Rambler's Top100
ЖУРНАЛЬНЫЙ ЗАЛЭлектронная библиотека современных литературных журналов России

РЖ Рабочие тетради
 Последнее обновление: 25.05.2012 / 15:13 Обратная связь: zhz@russ.ru 



Новые поступления Афиша Авторы Обозрения О проекте Архив



Опубликовано в журнале:
«Иностранная литература» 2002, №2


Стихи из цикла «Книга Синеры»
Перевод с каталанского и вступление Натальи Ванханен
версия для печати (3193)
« »

“...Терпеть не могу литературные премии, скупость, неряшливость, поздравления к именинам и Рождеству... чествования, ветер, беспорядок, шум, а также вечеринки и застолья вне дома, всё, что называется общественной жизнью, концерты, разговоры по душам, дружеские советы, всяческий разгул суетности и тщеславия”.

Это из интервью каталонского поэта Сальвадора Эсприу, которого на родине неизменно именуют великим. Что за брюзга, бука и нелюдим стоит, должно быть, за подобными словами, какая малоартистическая натура! Добавим к этому ординарную внешность государственного чиновника, корректный галстук, темный пиджак и белую рубашку, настойчиво фигурирующие на всех фотографиях, — и портрет безнадежно небогемной личности будет завершен. А за кадром, за не слишком выразительными фото, подчеркнуто официальными, даже чопорными, словно звучит спокойный голос, без всякой аффектации произносящий: “Не люблю я говорить о себе и своем творчестве — особенно о поэзии. Да и, признаться, понятия не имею, что собственно такое поэзия — ну разве что некая опора, помогающая прожить, а может, и умереть достойно”.

Сальвадор Эсприу родился в небольшом городке в окрестностях старинной Жероны в 1913 году. Умер в Барселоне в 1985-м. Его жизнь и судьба нераздельно связаны с Каталонией — вечной любовью и болью поэта, — перед которой по особому, совестливому складу характера он всегда ощущал себя в долгу. В юности из чувства долга перед семьей он не стал историком, как хотелось, а заменил в адвокатской конторе заболевшего отца и занялся ненавистной юриспруденцией. Позже, в годы франкизма, из того же чувства сыновнего долга — на этот раз перед родиной — Эсприу, будучи убежденным республиканцем, тем не менее, как многие сограждане, не эмигрирует, а останется в Каталонии. О своей позиции он мог бы сказать словами Ахматовой: “Я была тогда с моим народом, там, где мой народ, к несчастью, был”.
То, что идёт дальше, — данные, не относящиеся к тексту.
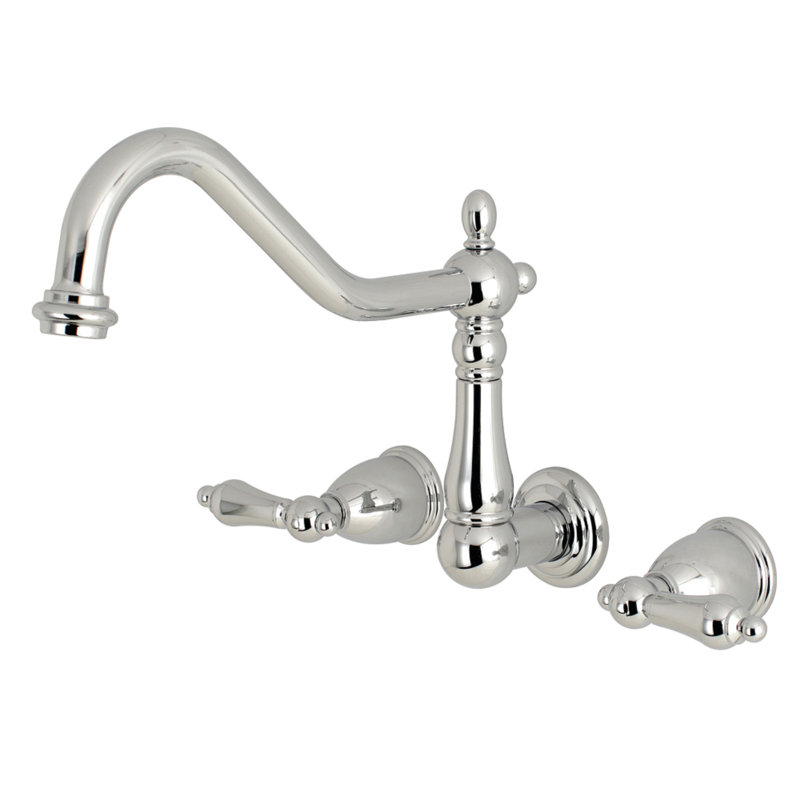 Kingston Brass Heritage Two-Handle 3-Hole Wall Mount Roman Tub Faucet, Polished Chrome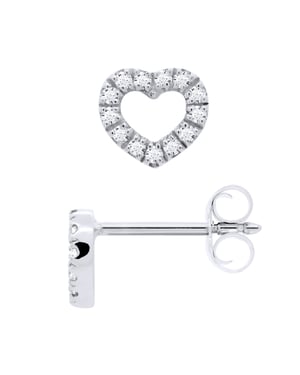 DIADEMA - Earrings with Diamonds - Heart - White Gold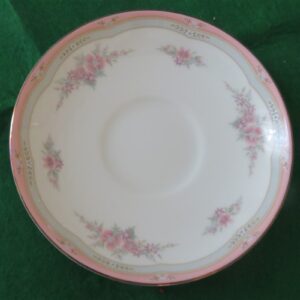 Wedgwood Rosalie Saucer Pink and Grey Bands Floral Border  1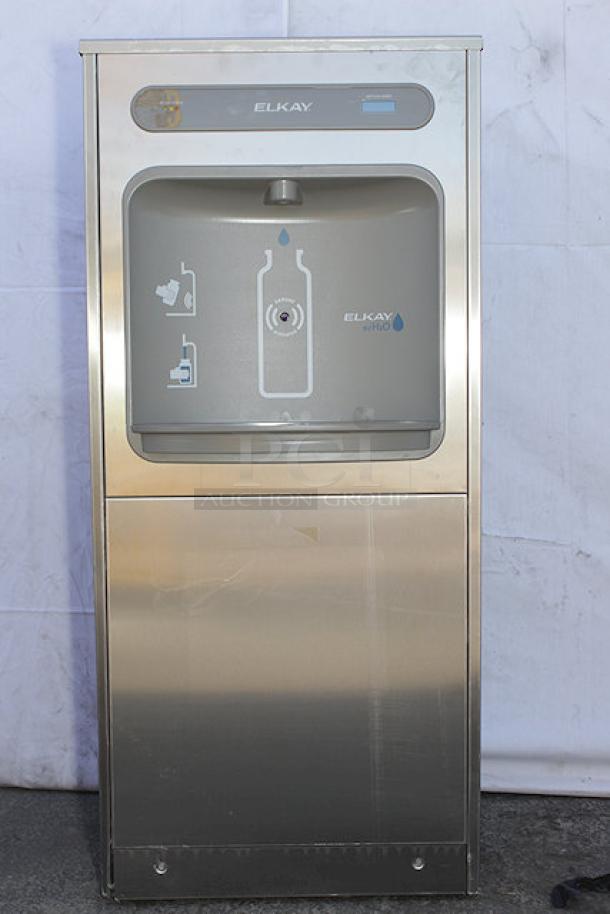 BRAND NEW SCRATCH-N-DENT! Zurn Elkay DSSBF8S ezH20 8 GPH Stainless Steel Freestanding Hands-Free Filtered Bottle Filling Station - Chilled. Unit has minor scratching and denting on left side. - Image 1 of 7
Диктатура нуждалась в неделимой державе. В стране насильственно насаждали единый государственный язык — испанский, — игнорируя существование каталанского, баскского, галисийского, не говоря уж о диалектах. Стоящие у власти люди в военной форме во всем предпочитали единообразие. Закрывались школы на национальных языках, переставали выходить журналы, а Сальвадор Эсприу, не боясь потерять читателя, продолжал писать на родном каталанском.

Творческий путь Эсприу довольно необычен в том смысле, что большинство литераторов начинает со стихов и лишь с годами приходит к прозе. Сальвадор Эсприу, которого Каталония чтит прежде всего как поэта, напротив начинал с прозы. Первыми увидели свет романы — “Доктор Рип” (1931) , “Лайа” (1932) — и рассказы. Только в 1946 году, в эпоху глухого безвременья, появляется первая книга стихов “Кладбище Синеры” — видно, настала пора призвать на помощь поэзию, чтобы “прожить достойно”.

За первым сборником последуют поэтические книги “Часы”, “Mrs. Death” и имевшая большой успех “Бычья шкура” — само название говорит, что это об Испании, ведь очертания Иберийского полуострова напоминают распластанную шкуру быка.

Загадочный топоним Синера вновь возникает в поэзии Эсприу в 1963 году, когда в том избранных стихотворений поэт включает большой цикл “Книга Синеры”. Что же такое Синера?

Этого места на карте нет. Синера — прочитанное наоборот “Аренис”, название городка, где прошло детство поэта. Эсприу создает миф о Синере, прекрасном и печальном царстве прошлого, об островке детства, озаренном прощальным закатным светом. Там нет ничего незначительного и полна смысла любая малость, будь то визит к неведомым старым дамам или шум ночного дождя.

Поэт создает миф, но ничего не выдумывает. Он скрупулезно точен в деталях, его “опись мгновений” даже отдает педантизмом: если в саду было пять деревьев, их и в стихах будет пять, и ни одним больше. Да и как может быть иначе? Ведь там, в волшебной Синере, происходит самое важное — сотворение души.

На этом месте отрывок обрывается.